Ce travail, qui doit aboutir à un projet de loi, met en lumière des enjeux cruciaux pour l’avenir de notre modèle français de sécurité civile et pour la soutenabilité du financement des services départementaux d’incendie et de secours (SDIS).
Un diagnostic partagé, mais des propositions de financement qui interrogent
Le rapport souligne, à juste titre, la fragilité croissante du modèle actuel de sécurité civile face à l’évolution des risques (changement climatique, vieillissement de la population, multiplication des incendies, enjeux sanitaires) et à la sur-sollicitation opérationnelle des SDIS. Il rappelle également la nécessité de réinterroger le panel de ressources des SDIS, dont les budgets sont tout à la fois très conséquents (6,7 milliards d’euros), fragiles et trop souvent peu lisibles , notamment en ce qui concerne les clés de répartition des contributions entre les différents acteurs.

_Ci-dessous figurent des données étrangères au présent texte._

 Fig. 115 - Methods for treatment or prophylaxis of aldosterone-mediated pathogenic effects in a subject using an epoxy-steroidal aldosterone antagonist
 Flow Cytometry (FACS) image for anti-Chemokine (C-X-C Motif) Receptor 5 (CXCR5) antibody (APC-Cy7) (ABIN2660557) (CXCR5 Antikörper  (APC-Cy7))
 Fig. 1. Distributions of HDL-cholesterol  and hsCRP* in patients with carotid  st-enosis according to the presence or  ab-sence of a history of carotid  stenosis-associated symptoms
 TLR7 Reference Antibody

Pour autant, France urbaine émet des réserves sur les pistes avancées en matière de financement. L’accroissement de la contribution du bloc communal, notamment celle des métropoles et grandes agglomérations, est à la fois injuste et discutable :
- L’échelon communal est, de fait, le premier lieu d’exercice de la sécurité civile (prévention, planification des plans communaux de sauvegarde, gestion des crises locales), sans bénéficier, pour autant, des moyens financiers correspondants ;
- La vision visant à mettre à profit les métropoles, évoquée dans le rapport (au motif d’une évolution de la démographie dans ces territoires qui accentue la mobilisation des SDIS), méconnaît, par ailleurs, la réalité très hétérogène d’une métropole à l’autre, et reviendrait à instaurer un niveau de service des SDIS différencié dans un même département ;
- Enfin, le rapport ne prend pas en compte la progression constante de l’effort financier des communes et intercommunalités dans le financement des SDIS, ni leur engagement volontaire au-delà du plafonnement légal de l’inflation (via des subventions d’investissement ou la mise à disposition de terrains viabilisés, par exemple)

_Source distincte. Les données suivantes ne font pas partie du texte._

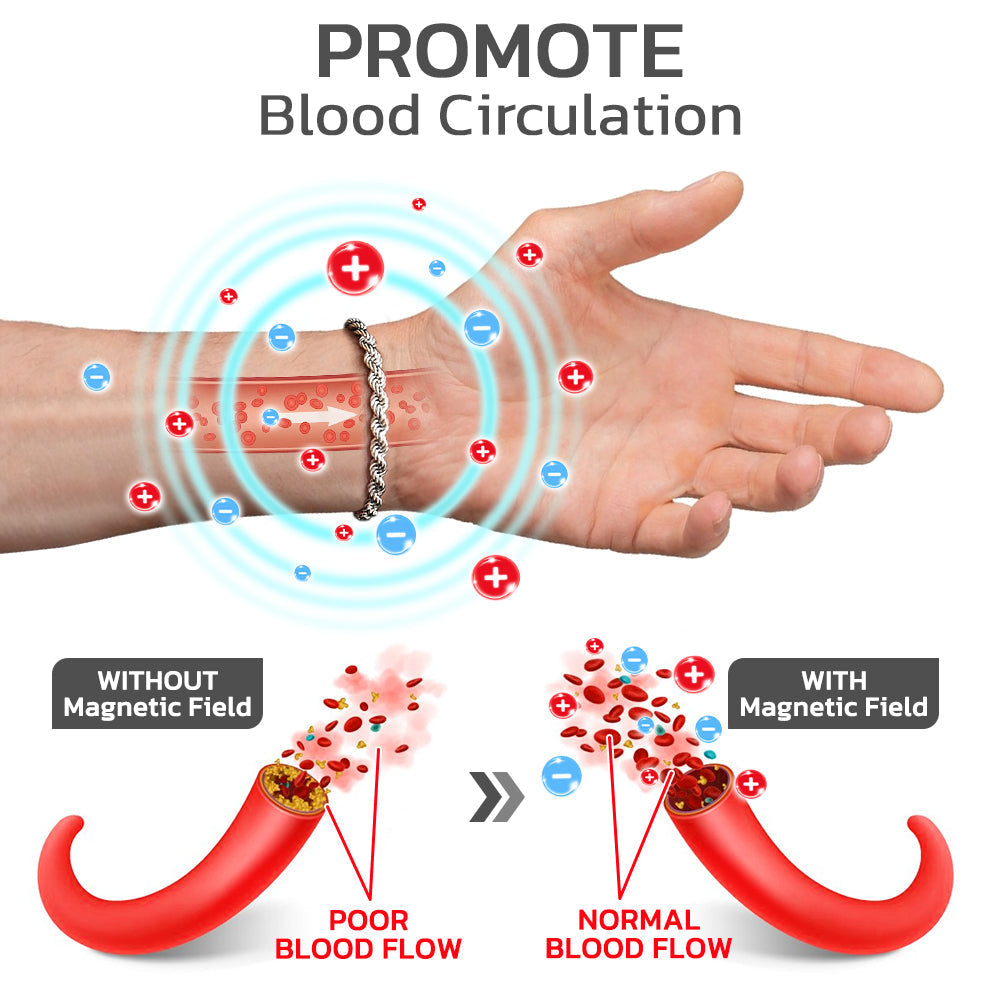 AQA™ Carlvins Magnetique Lvmphvity Detoxing Bracelet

Dans ce contexte, France urbaine appelle à une réforme du mode de financement des SDIS plus juste et équitable
Pour France urbaine, toute réforme de notre modèle de sécurité civile doit reposer, en effet, sur trois principes :
- Clarification de la gouvernance des SDIS, afin de garantir une gestion transparente ;
- Révision des modalités de financement, qui ne saurait reposer de façon accrue sur les communes et intercommunalités, déjà fortement mobilisées ;
- Responsabilité renforcée de l’État, les enjeux dépassant les seules collectivités locales.
France urbaine plaide ainsi pour une modernisation des ressources existantes (actualisation de l’assiette de la TSCA, mécanismes de péréquation entre collectivités, reconnaissance de la « valeur du sauvé »), le développement des pactes capacitaires et un soutien accru de l’État aux investissements structurants.
Poursuivre le dialogue avec l’État et le Parlement
France urbaine s’inscrira pleinement dans la suite des travaux engagés pour défendre un modèle de sécurité civile à la fois robuste, solidaire et soutenable. La réforme à venir doit garantir la pérennité des SDIS, au bénéfice de toutes et tous, sans fragiliser davantage les finances locales.